+++ RECORD SET +++
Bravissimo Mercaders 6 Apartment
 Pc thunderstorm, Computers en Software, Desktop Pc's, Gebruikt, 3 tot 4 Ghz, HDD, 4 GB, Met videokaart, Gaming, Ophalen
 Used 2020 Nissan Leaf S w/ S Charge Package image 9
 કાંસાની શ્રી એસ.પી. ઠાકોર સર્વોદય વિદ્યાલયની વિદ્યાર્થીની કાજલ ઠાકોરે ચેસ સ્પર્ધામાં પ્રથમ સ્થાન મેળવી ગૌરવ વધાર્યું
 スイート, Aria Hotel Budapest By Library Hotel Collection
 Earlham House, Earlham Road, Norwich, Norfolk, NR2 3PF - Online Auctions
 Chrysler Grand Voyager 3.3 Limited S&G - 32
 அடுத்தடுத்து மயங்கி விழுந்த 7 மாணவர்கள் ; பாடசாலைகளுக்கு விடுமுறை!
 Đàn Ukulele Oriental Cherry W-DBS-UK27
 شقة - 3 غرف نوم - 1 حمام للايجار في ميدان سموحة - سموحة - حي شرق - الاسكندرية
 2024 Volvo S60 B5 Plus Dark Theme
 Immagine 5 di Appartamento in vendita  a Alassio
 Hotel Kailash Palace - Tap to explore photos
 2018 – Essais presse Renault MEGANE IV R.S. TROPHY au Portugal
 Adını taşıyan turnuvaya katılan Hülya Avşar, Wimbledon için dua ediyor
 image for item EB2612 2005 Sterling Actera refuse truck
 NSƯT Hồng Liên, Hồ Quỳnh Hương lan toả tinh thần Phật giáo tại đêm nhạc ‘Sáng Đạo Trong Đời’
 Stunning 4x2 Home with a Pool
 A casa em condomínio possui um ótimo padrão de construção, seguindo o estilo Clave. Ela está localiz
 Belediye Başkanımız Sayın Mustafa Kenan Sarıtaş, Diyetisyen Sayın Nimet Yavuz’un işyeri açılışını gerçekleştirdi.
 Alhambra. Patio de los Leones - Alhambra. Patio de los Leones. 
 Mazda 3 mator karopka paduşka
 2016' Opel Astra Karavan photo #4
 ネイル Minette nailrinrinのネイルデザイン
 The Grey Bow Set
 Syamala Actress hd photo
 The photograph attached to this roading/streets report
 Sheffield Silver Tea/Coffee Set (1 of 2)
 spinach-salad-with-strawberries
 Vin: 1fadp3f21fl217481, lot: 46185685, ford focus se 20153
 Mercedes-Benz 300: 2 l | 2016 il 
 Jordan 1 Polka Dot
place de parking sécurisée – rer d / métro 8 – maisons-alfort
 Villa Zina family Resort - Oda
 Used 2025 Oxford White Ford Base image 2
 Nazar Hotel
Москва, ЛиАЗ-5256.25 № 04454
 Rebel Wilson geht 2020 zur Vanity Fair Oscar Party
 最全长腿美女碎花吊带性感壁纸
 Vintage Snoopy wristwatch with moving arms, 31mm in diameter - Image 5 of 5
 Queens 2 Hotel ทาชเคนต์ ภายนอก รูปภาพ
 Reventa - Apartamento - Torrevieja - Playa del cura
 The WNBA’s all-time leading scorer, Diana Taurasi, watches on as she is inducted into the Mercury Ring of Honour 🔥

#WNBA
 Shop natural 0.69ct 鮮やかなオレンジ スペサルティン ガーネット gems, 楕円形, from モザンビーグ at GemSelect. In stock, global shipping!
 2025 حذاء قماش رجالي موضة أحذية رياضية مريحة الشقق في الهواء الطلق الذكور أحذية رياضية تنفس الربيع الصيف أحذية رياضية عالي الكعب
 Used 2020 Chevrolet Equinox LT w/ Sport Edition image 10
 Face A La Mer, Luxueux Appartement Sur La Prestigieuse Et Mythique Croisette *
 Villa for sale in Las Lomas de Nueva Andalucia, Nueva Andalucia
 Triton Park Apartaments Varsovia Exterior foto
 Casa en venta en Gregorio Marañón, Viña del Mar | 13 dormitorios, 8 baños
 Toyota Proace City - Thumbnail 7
+++
## YOUR INSTRUCTIONS
Find and copy each line above holding "Used".

## ANSWER SECTION
 Used 2020 Nissan Leaf S w/ S Charge Package image 9
 Used 2025 Oxford White Ford Base image 2
 Used 2020 Chevrolet Equinox LT w/ Sport Edition image 10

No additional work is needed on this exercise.